Buildings made for sound are also made for sight. My generation learned the rule that auditoria are constructions to be judged with one’s eyes closed, but in truth few buildings are enjoyed with such wide open eyes as those raised for music. Be they philharmonic spaces as the one Hans Scharoun built in a pioneering manner in Berlin – developing previous theater experiences in which the spectators surround the stage entirely, taking a role similar to that of the crowds in sports venues – or more conventional operas or auditoria where each seat is expected to offer good visibility, buildings for music serve both the ear and the eye; and all this without mentioning the equally essential function of seeing and being seen, in the auditorium or the foyer, spaces both that act as backdrop for the social choreography of meeting and greeting, and places therefore governed by sight.

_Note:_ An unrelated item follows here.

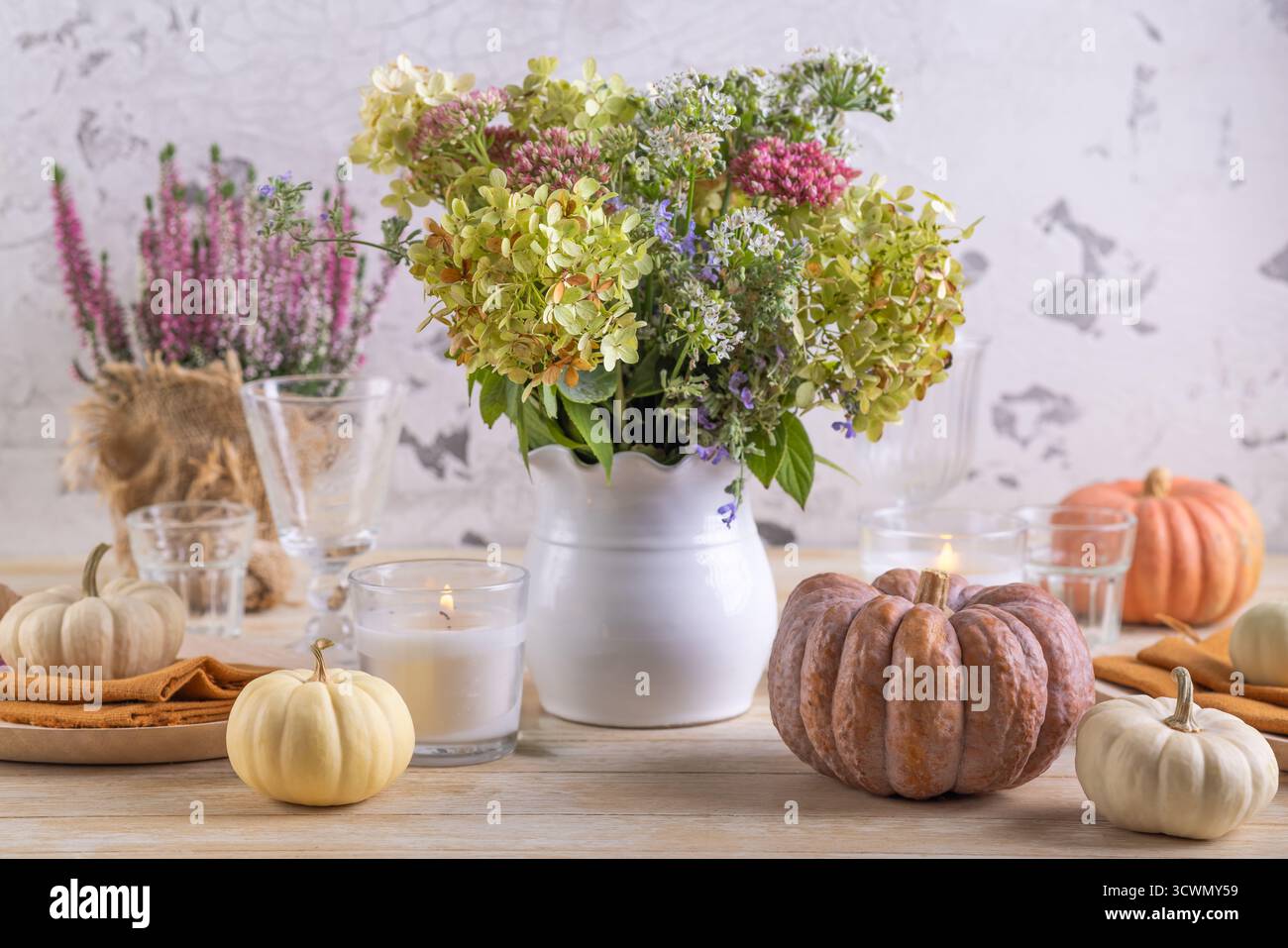 Bellissimo bouquet di fiori autunnali in zucca su un tavolo da pranzo festivo Foto Stock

The eye is also the protagonist in concert halls when these serve as stage for audiovisual recording or broadcasting, a circumstance that today more often than not accompanies musical interpretation, and in this case the eye is that of the camera. At the recent opening of the Elbphilharmonie in Hamburg it was impossible not to notice the many cameras documenting the event, including the one overflying the audience moving on a trapeze-like cable – just like weeks before a drone had allowed to tour the entire building, perhaps encouraging to replace the Corbusian promenade with the vol architecturale –, a use of the spectacular space as a film studio that illustrates well the critical importance of the visual element in buildings for music, once the excellent experts in acoustics and the sophisticated previous studies and tests have guaranteed the optimum

sound behavior of auditoria.

Always built for public attendance, in many cases large in scale, and often in prominent locations, constructions devoted to music usually have the added role of being city icons, landmarks in the urban geography that can function as drivers for regeneration and sources of collective pride, and this emblematic role also prompts to understand auditoria as visual artifacts. Though they must necessarily adapt to context, they also face the challenge of standing out with their characteristic forms, materials or presence in the skyline, so that they can produce memorable images where civic identities crystallize. For all the above, soundscapes are also visual landscapes: in the auditoria criss-crossed by gazes and cameras, in the relaxed or hectic foyers ready to be explored with feet or eyes, and – last but not least – in their deep impact on the urban environment and the symbolic universe.